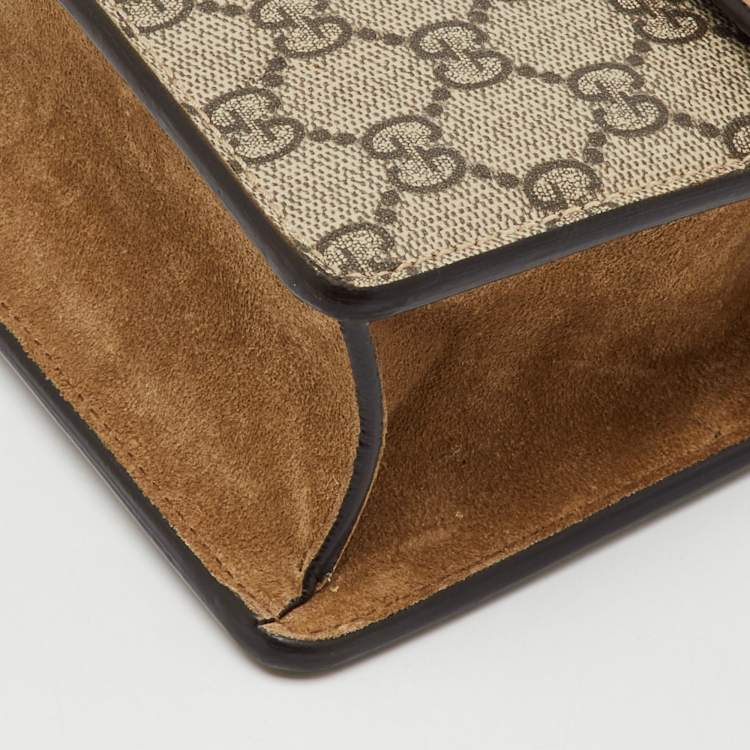 Pre Owned Gucci Beige GG Supreme Canvas and Suede Medium Dionysus Shoulder Bag
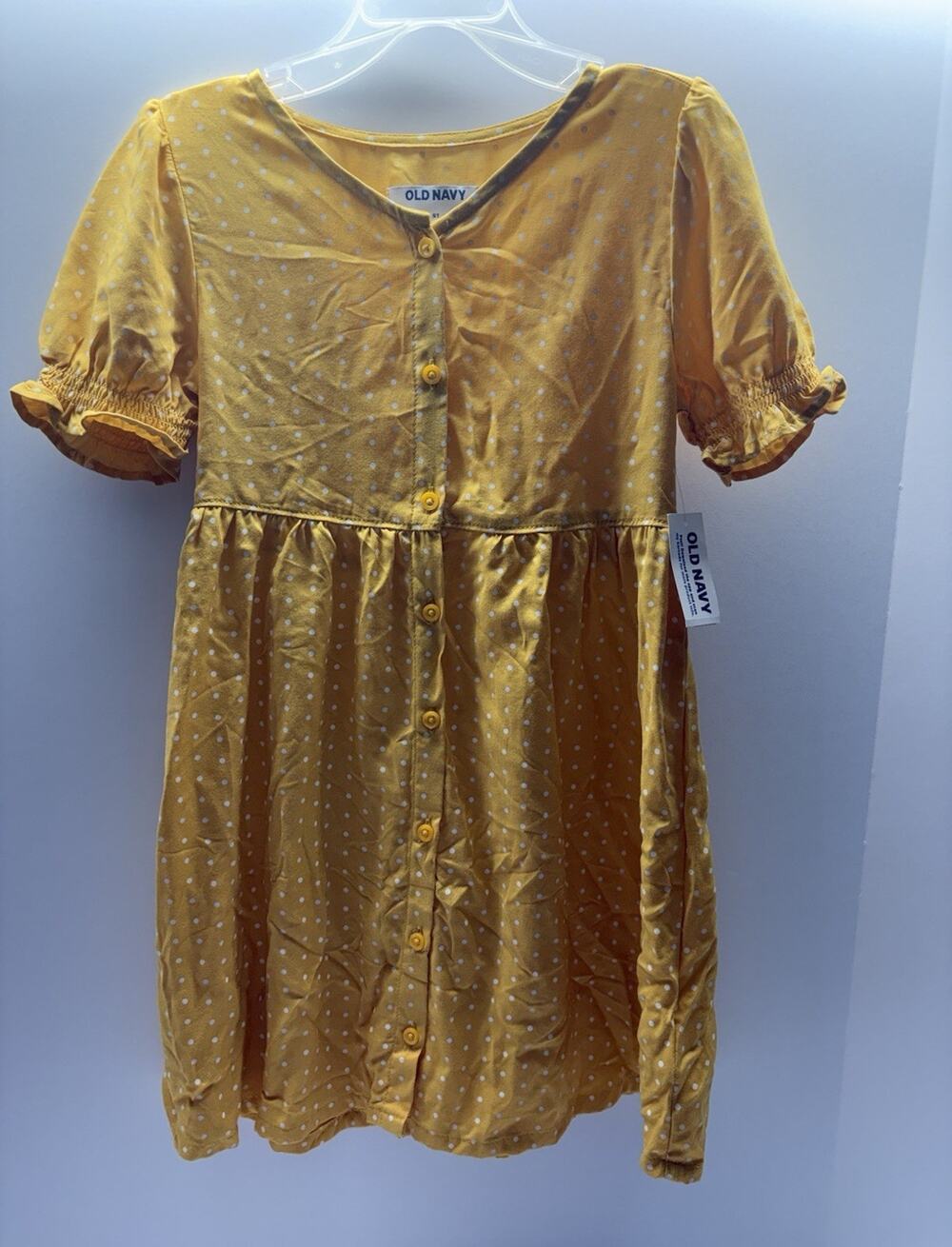 Old Navy Girls Yellow Polka Dot A-Line Dress 5T Cotton Puff Short Sleeve V-Neck
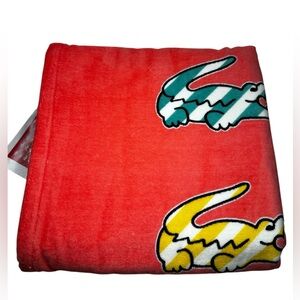 LACOSTE  MULTI CROC LOGO BEACH TOWEL.NWT.MSRP$40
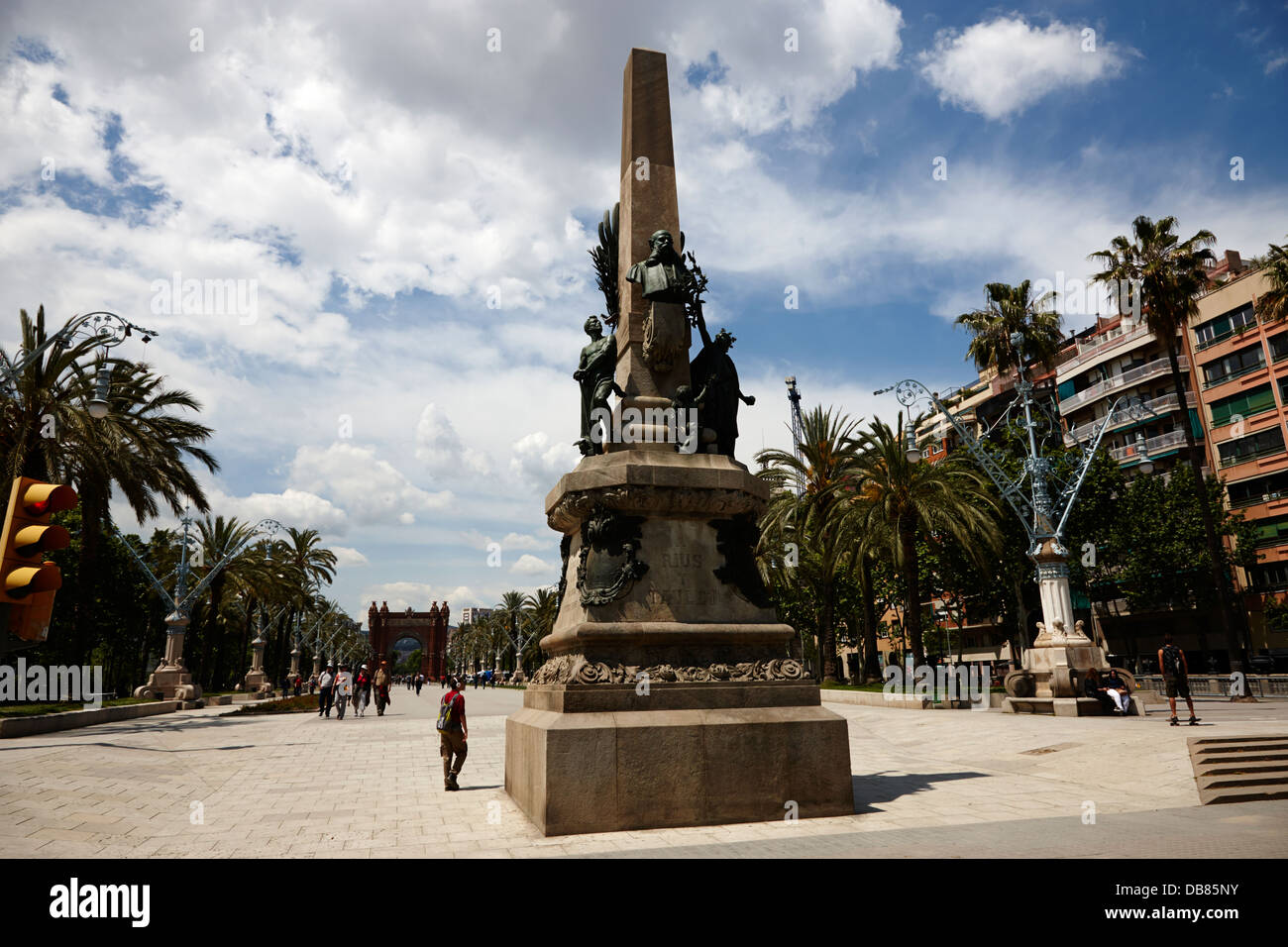 Denkmal, Francisco de Paula Rius und Taulet Passeig de Lluís Companys promenade Barcelona-Katalonien-Spanien Stockfoto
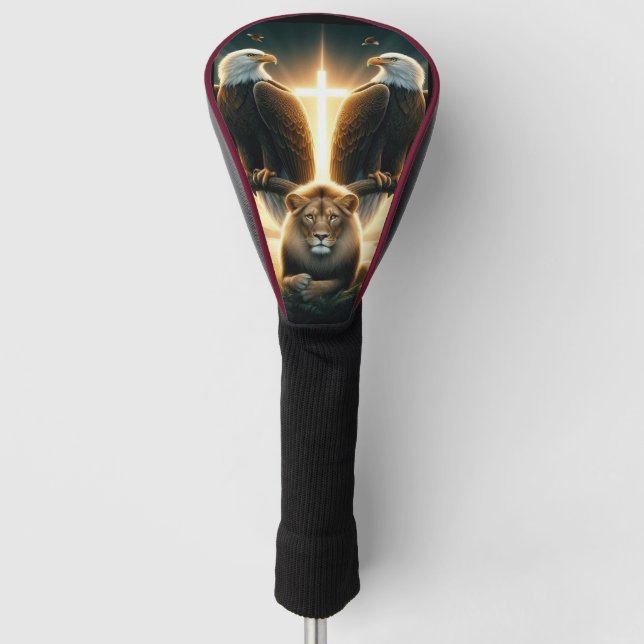 Golden Cross Double Eagle with Lion Pride Golf Head Cover (Front)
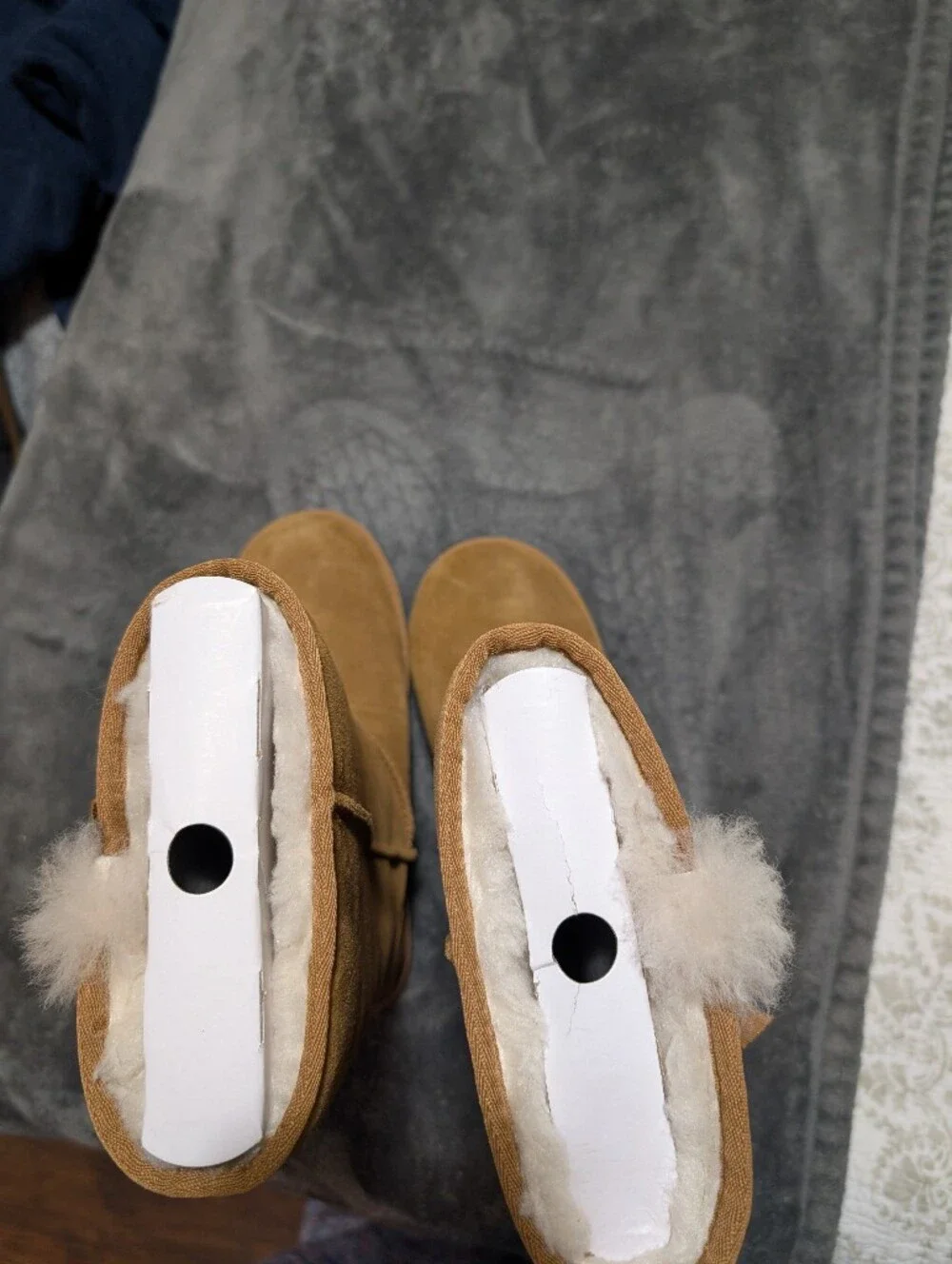 Koolaburra Chestnut Suede Shearling Mid-Calf Boots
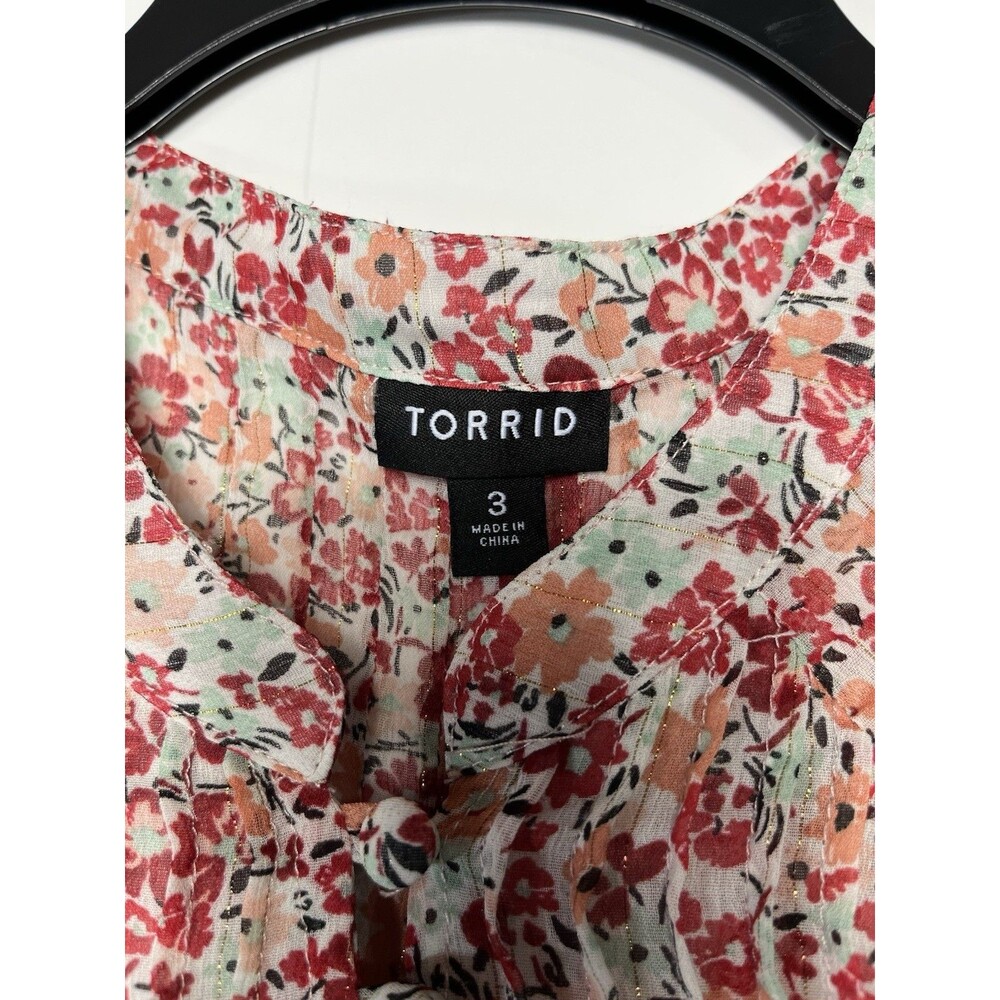 Torrid Floral Sheer Blouse 3X Red Button Up Long Sleeve Gold Stripe Boho Top - Picture 8 of 11
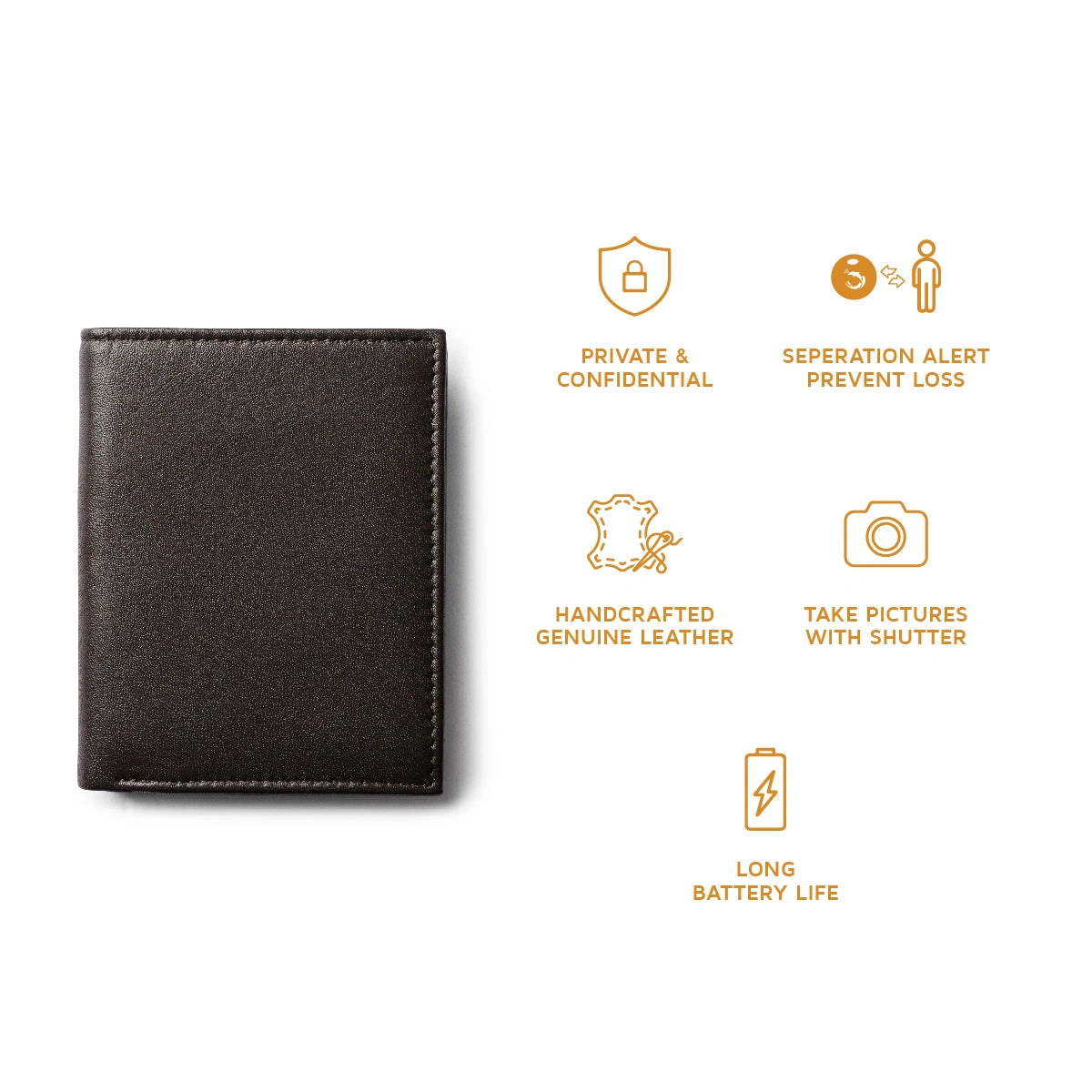 Orbit Smart Wallet with tracker to prevent loss and help locate wallet if misplaced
● ● ● ●
What to do: Find "Denkmal, Francisco de" in the entries, then reproduce that line and each line after it exactly, through the last one. Pictures do not go in.

Task answer:
 Denkmal, Francisco de Paula Rius und Taulet Passeig de Lluís Companys promenade Barcelona-Katalonien-Spanien Stockfoto
 Golden Cross Double Eagle with Lion Pride Golf Head Cover (Front)
 Koolaburra Chestnut Suede Shearling Mid-Calf Boots
 Torrid Floral Sheer Blouse 3X Red Button Up Long Sleeve Gold Stripe Boho Top - Picture 8 of 11
 Orbit Smart Wallet with tracker to prevent loss and help locate wallet if misplaced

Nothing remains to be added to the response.